Ortiz-Martínez Daniel
Department of Mathematics and Computer Science, Universitat de Barcelona, Gran Via de les Corts Catalanes, 585, 08007, Barcelona, Spain.
BMC Bioinformatics. 2025 Apr 16;26(1):106. doi: 10.1186/s12859-025-06108-1.
Bioinformatics data analysis faces significant challenges. As data analysis often takes the form of pipelines or workflows, workflow managers (WfMs) have become essential. Data flow programming constitutes the preferred approach in WfMs, enabling parallel processes activated reactively based on input availability. While this paradigm typically follows a linear, acyclic progression, cyclic workflows are sometimes necessary in bioinformatics analyses. These cyclic workflows also present an opportunity to explore workflow interactivity, a feature not widely implemented in existing WfMs.

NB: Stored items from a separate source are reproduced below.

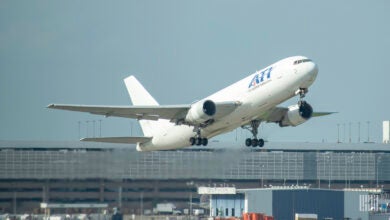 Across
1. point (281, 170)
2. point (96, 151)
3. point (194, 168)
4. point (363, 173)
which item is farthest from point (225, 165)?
point (363, 173)

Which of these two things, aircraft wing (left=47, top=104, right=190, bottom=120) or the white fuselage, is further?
aircraft wing (left=47, top=104, right=190, bottom=120)

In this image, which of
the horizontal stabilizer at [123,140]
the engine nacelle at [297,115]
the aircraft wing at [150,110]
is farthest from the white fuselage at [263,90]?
the horizontal stabilizer at [123,140]

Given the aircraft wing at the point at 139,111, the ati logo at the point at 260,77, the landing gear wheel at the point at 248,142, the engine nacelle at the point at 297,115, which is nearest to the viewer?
the ati logo at the point at 260,77

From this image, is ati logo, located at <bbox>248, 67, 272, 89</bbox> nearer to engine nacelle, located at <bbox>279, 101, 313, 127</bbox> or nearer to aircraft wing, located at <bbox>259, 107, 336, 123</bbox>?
engine nacelle, located at <bbox>279, 101, 313, 127</bbox>

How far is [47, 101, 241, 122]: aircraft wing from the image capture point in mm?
60188

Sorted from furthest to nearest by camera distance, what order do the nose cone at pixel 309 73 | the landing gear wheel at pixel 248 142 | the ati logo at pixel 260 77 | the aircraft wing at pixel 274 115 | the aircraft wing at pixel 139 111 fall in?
1. the landing gear wheel at pixel 248 142
2. the aircraft wing at pixel 274 115
3. the aircraft wing at pixel 139 111
4. the ati logo at pixel 260 77
5. the nose cone at pixel 309 73

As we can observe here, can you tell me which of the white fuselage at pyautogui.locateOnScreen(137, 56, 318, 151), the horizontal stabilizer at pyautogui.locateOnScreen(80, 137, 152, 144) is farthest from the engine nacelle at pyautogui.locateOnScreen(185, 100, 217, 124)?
the horizontal stabilizer at pyautogui.locateOnScreen(80, 137, 152, 144)

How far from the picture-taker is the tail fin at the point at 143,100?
67625 millimetres

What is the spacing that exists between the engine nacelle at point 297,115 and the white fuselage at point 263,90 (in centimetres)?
246

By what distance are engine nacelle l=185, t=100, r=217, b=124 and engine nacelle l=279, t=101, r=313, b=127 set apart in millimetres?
5231

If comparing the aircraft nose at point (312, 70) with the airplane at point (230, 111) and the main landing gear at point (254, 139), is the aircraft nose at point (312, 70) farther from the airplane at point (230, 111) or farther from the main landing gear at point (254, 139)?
the main landing gear at point (254, 139)

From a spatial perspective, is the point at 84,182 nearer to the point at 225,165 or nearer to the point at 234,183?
the point at 225,165

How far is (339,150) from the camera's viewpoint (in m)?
122

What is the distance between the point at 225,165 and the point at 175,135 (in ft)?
18.8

We propose DeBasher, a tool that adopts the flow-based programming (FBP) paradigm, in which the workflow components are in control of their life cycle and can store state information, allowing the execution of complex workflows that include cycles. DeBasher also incorporates a powerful model of interactivity, where the user can alter the behavior of a running workflow. Additionally, DeBasher allows the user to define triggers so as to initiate the execution of a complete workflow or a part of it. The ability to execute processes with state and in control of their life cycle also has applications in dynamic scheduling tasks. Furthermore, DeBasher presents a series of extra features, including the combination of multiple workflows at runtime through a feature we have called runtime piping, switching to static scheduling to increase scalability, or implementing processes in multiple languages. DeBasher has been successfully used to process 131.7 TB of genomic data by means of a variant calling pipeline.

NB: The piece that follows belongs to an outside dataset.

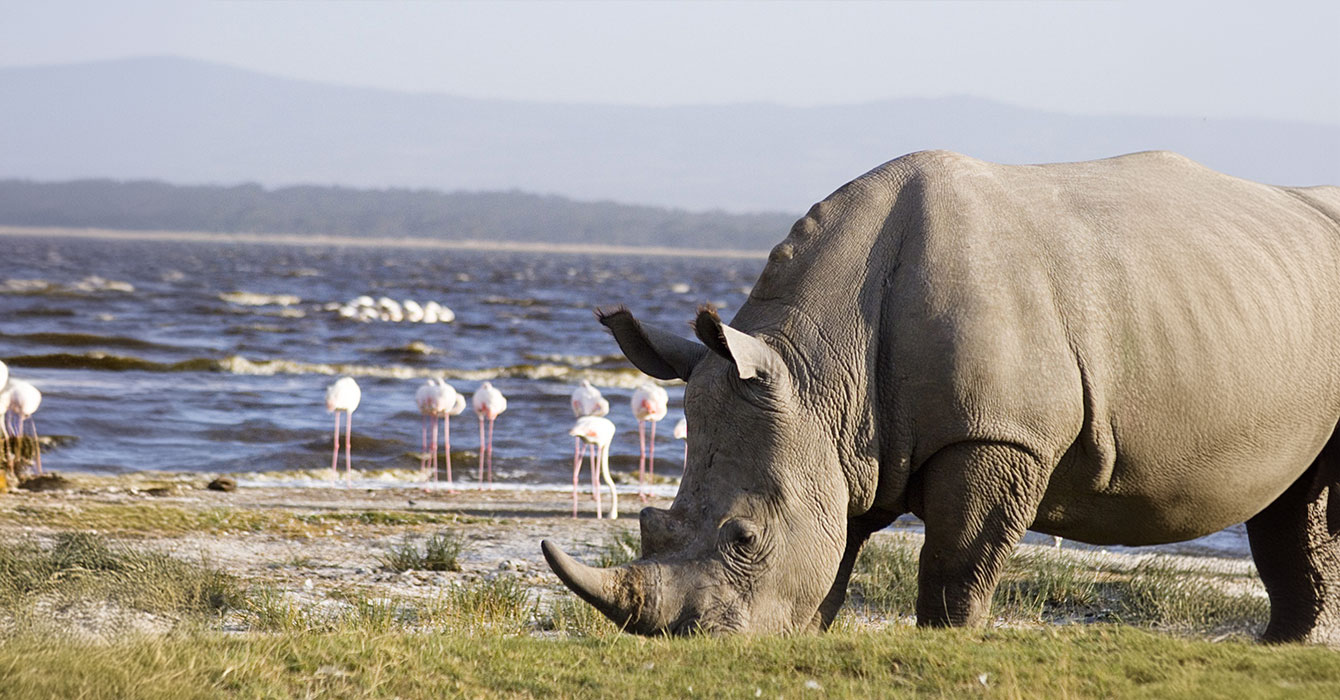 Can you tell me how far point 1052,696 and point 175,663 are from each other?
3.21 m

DeBasher is an FBP Bash extension that can be useful in a wide range of situations and in particular when implementing complex workflows, workflows with interactivity or triggers, or when a high scalability is required.
生物信息学数据分析面临重大挑战。由于数据分析通常采用管道或工作流的形式,工作流管理器(WfM)变得至关重要。数据流编程是WfM中的首选方法,它能使并行进程根据输入可用性被动激活。虽然这种范式通常遵循线性、无环的进程,但在生物信息学分析中有时需要循环工作流。这些循环工作流也为探索工作流交互性提供了机会,而这一特性在现有WfM中并未广泛实现。
我们提出了DeBasher,这是一种采用基于流的编程(FBP)范式的工具,其中工作流组件能够控制其生命周期并可存储状态信息,从而允许执行包括循环的复杂工作流。DeBasher还纳入了强大的交互模型,用户可以改变正在运行的工作流的行为。此外,DeBasher允许用户定义触发器,以便启动完整工作流或其一部分的执行。能够执行具有状态并控制其生命周期的进程在动态调度任务中也有应用。此外,DeBasher还具有一系列额外功能,包括通过我们称为运行时管道的功能在运行时组合多个工作流、切换到静态调度以提高可扩展性,或用多种语言实现进程。DeBasher已通过一个变异调用管道成功用于处理131.7TB的基因组数据。
DeBasher是一个FBP Bash扩展,在广泛的情况下都可能有用,特别是在实现复杂工作流、具有交互性或触发器的工作流,或需要高可扩展性时。